In any case, it is questionable how much a ‘Roman way of war' might reflect something intrinsic to its culture or a Roman response to universal features of war. Even in reference to something as basic as weaponry, Rome's army changed dramatically over time.

In addition, the tendency to focus on Roman domin­ion, rather than the Mediterranean world as a whole, can create a false impression of distinctiveness. For example, Susan Mattern's discussion of Roman political and military values, the importance of glory, domination and prestige, is all very well and good, but is applicable to any imperial power.[462] [463]

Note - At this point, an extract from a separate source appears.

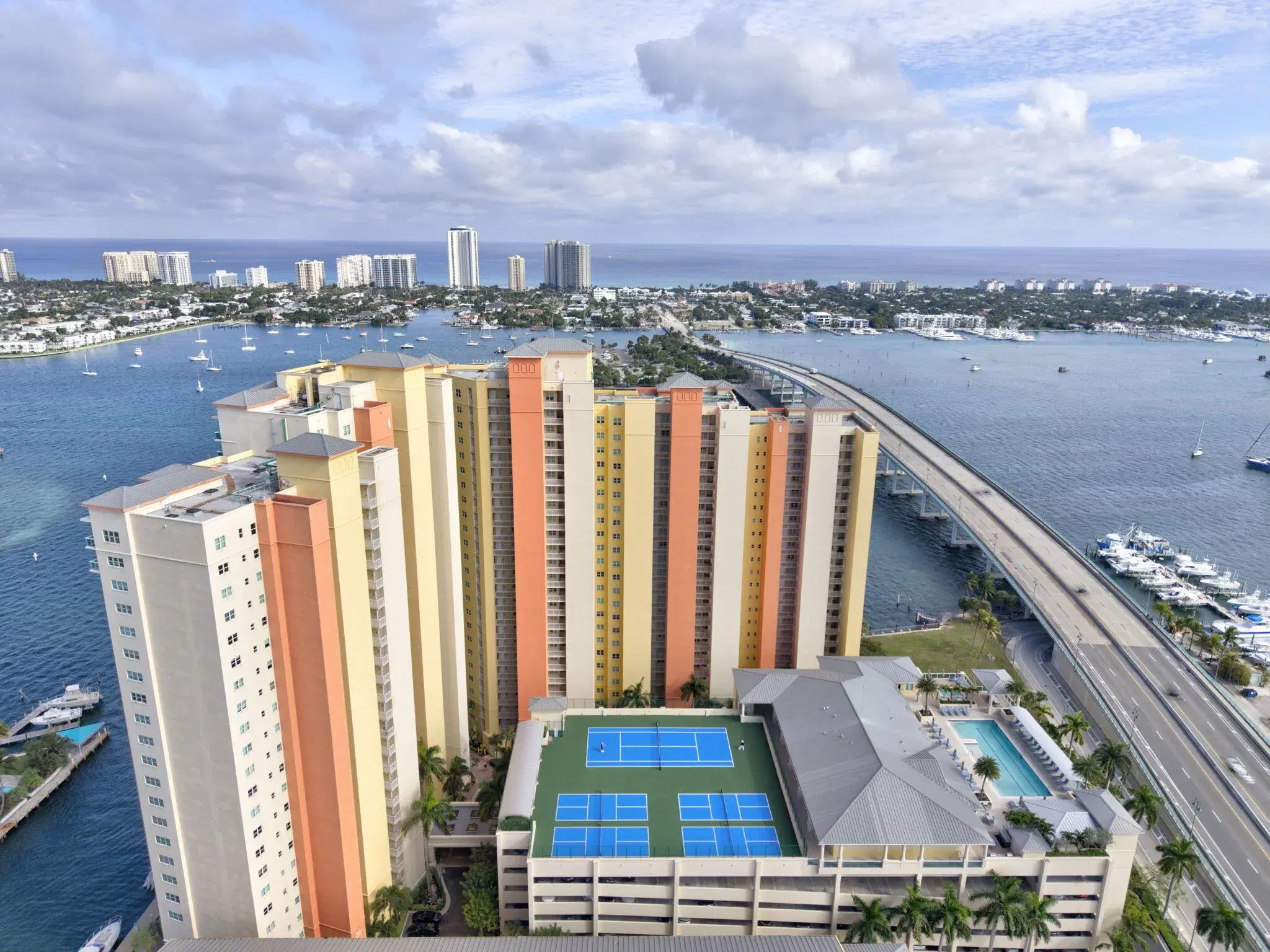 Picture of 2640 Lake Shore Drive 1411, Riviera Beach, FL 33404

Until the middle of the twentieth century scholars viewed the Roman army as not especially violent, but rather characterised by restraint. In a classic treatment, Theodor Mommsen lauded Roman discipline but said nothing about it being cruel or brutal.[464] In 1914, Tenney Frank proposed that the Romans went to war reluctantly, the so-called ‘defensive imperialism' theory.[465] At the beginning of World War II, H. H. Scullard, reviewing a privately published dissertation on Roman atrocities, significantly the first monograph written on the subject, concluded that ‘Roman military methods... judged by the standard of modern (or rather, surely, compara­tively modern) warfare, they were singularly cruel, but judged by contem­porary war usages they were surprisingly humane'.[466]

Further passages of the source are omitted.